WHAT YOU WILL DO: Return the lines exactly as they stand, from the first of the material through the line containing "New Easter wreath".

DATA EXTRACTS:

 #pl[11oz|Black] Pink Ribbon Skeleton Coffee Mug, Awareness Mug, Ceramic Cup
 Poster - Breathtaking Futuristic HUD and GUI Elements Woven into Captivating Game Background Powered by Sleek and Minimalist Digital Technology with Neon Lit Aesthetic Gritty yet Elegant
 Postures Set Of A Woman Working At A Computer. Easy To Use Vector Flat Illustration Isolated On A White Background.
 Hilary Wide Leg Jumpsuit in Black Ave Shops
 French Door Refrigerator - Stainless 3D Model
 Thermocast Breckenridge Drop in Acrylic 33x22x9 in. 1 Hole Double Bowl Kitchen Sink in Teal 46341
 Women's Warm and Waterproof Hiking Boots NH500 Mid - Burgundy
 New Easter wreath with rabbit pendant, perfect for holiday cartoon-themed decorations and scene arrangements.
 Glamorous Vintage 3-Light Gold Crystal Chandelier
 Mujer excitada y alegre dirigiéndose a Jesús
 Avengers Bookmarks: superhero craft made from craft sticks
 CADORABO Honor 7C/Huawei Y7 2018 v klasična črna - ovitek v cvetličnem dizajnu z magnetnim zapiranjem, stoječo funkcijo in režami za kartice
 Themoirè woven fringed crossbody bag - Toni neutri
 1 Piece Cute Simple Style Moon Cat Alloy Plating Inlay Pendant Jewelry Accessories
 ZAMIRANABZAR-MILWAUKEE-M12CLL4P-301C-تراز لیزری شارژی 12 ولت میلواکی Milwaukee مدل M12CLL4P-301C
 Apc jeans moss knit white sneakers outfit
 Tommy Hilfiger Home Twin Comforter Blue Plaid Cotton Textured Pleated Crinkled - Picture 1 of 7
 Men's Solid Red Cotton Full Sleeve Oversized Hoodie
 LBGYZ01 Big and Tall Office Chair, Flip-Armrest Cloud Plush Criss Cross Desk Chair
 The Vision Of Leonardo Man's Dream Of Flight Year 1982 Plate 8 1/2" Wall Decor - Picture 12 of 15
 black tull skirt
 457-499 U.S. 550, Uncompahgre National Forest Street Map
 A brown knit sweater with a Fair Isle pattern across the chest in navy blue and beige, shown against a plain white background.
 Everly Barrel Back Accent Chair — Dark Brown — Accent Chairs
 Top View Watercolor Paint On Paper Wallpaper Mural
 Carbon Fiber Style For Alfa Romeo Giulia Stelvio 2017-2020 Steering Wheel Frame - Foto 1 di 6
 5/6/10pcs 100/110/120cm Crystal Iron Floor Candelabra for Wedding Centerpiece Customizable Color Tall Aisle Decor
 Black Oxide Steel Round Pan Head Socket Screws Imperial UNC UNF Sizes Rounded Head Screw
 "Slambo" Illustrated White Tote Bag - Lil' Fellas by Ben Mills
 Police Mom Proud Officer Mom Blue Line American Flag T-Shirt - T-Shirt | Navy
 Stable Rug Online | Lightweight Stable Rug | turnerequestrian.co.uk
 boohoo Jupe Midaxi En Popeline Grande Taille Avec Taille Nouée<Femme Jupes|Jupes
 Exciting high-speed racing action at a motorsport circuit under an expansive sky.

SOLUTION FOR THIS EXERCISE:
 #pl[11oz|Black] Pink Ribbon Skeleton Coffee Mug, Awareness Mug, Ceramic Cup
 Poster - Breathtaking Futuristic HUD and GUI Elements Woven into Captivating Game Background Powered by Sleek and Minimalist Digital Technology with Neon Lit Aesthetic Gritty yet Elegant
 Postures Set Of A Woman Working At A Computer. Easy To Use Vector Flat Illustration Isolated On A White Background.
 Hilary Wide Leg Jumpsuit in Black Ave Shops
 French Door Refrigerator - Stainless 3D Model
 Thermocast Breckenridge Drop in Acrylic 33x22x9 in. 1 Hole Double Bowl Kitchen Sink in Teal 46341
 Women's Warm and Waterproof Hiking Boots NH500 Mid - Burgundy
 New Easter wreath with rabbit pendant, perfect for holiday cartoon-themed decorations and scene arrangements.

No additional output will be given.